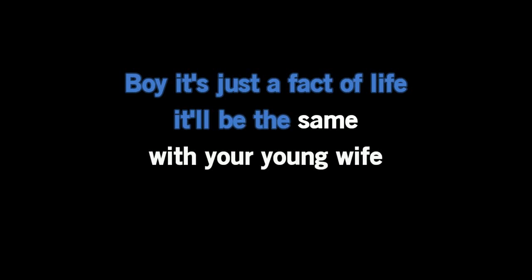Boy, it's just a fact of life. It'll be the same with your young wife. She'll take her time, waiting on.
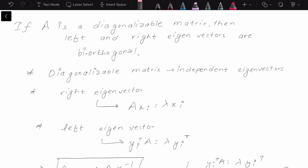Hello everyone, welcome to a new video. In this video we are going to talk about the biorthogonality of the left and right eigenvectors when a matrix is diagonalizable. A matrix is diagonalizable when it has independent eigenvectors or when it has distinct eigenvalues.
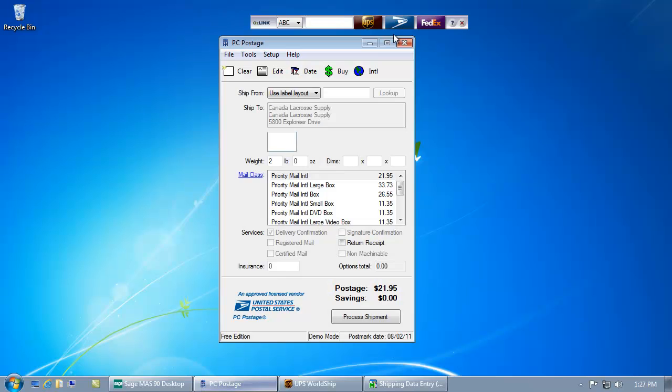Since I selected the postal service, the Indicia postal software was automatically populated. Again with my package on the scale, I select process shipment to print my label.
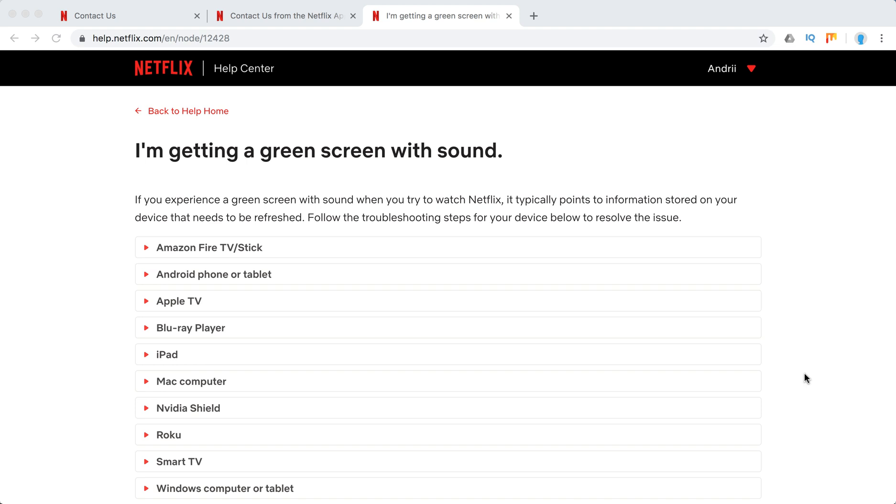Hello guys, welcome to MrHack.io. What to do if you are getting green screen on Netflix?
--
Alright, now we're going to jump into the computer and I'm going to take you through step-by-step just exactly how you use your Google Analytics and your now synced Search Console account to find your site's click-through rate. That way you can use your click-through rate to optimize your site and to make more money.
==
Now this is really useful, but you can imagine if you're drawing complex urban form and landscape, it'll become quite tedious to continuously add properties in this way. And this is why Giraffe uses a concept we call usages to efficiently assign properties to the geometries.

▸ TASK ITEM:
The copy should hold exactly the lines above from the one with "Since I selected" through the one with "Hello guys, welcome", both ends counted, and no pictures at all.

▸ SOLUTION TO THIS PROBLEM:
Since I selected the postal service, the Indicia postal software was automatically populated. Again with my package on the scale, I select process shipment to print my label.
Hello guys, welcome to MrHack.io. What to do if you are getting green screen on Netflix?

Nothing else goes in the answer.